Tales of Suspense #40 (April, 1963)

"Iron Man versus Gargantus!"
Plot: Stan Lee
Script: Robert Bernstein
Pencils: Jack Kirby
Inks: Don Heck
Synopsis: Our story opens with a short summary of the life of Tony Stark, who lives "three lives": He's a genius scientist who develops military technology for the US army (the ridiculous example given being "transistor" powered rocket skates for infantry -- the most useless thing ever if they're going to be deployed in Vietnam) but he's also a millionaire playboy constantly dating movie stars and society debutantes. He can't let anyone get close to him, however, because he must constantly wear an iron chest plate containing an electromagnet to keep pieces of shrapnel from digging into his heart -- and he must periodically charge the plate by plugging into wall sockets! This is because Tony Stark's third life, of course, is as IRON MAN -- who for no reason at all has become a superhero, fighting mobsters and mad scientists on a regular basis. 

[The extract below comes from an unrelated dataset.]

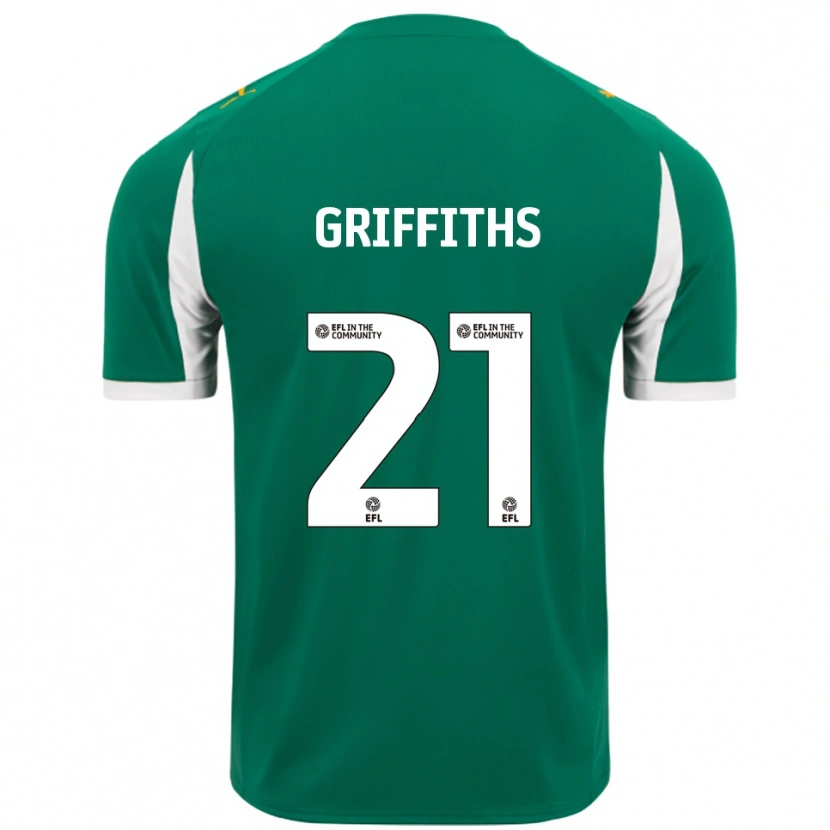 Danxen Bambino Maglia Harry Griffiths #21 Verde Bianco Kit Gara Away 2025/26 Maglietta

On a date to the circus with a woman named Marion, the jungle cats get loose of their cage and so Tony absconds to change into Iron Man to deal with the menace. The cast iron metal in the Iron Man suit is apparently collapseable and foldable "thanks to my knowledge of micro-transistors" (which makes no sense) and thus he carries it around in his attaché case.
Changed into Iron Man, he makes quick work of the cats, but when changes back to Tony Stark and meets with Marion she remarks that Iron Man looks just as terrifying as a monster in his big ugly grey suit. She suggests that if he's going to be like a modern day knight in shining armour, he should dress the part and look heroic. 
Tony takes her suggestion and spraypaints the armour with "untarnishable" gold paint, somehow this doesn't lead to Marion instantly figuring out Tony's secret identity. Marion makes plans to meet Tony that Saturday, but her plane from Granville never arrives. Upon reading a damned newspaper, Tony discovers that Granville has shut itself off from the outside world with a wall. 
Looks like a job for Iron Man, and so with a miniature transistorized drill he burrows under the wall and pops up in the town, where the populace immediately begins attacking him! They all seem to be under a kind of mass hypnosis, and have taken to worshipping a being called Gargantus, who resembles a giant Neanderthal. 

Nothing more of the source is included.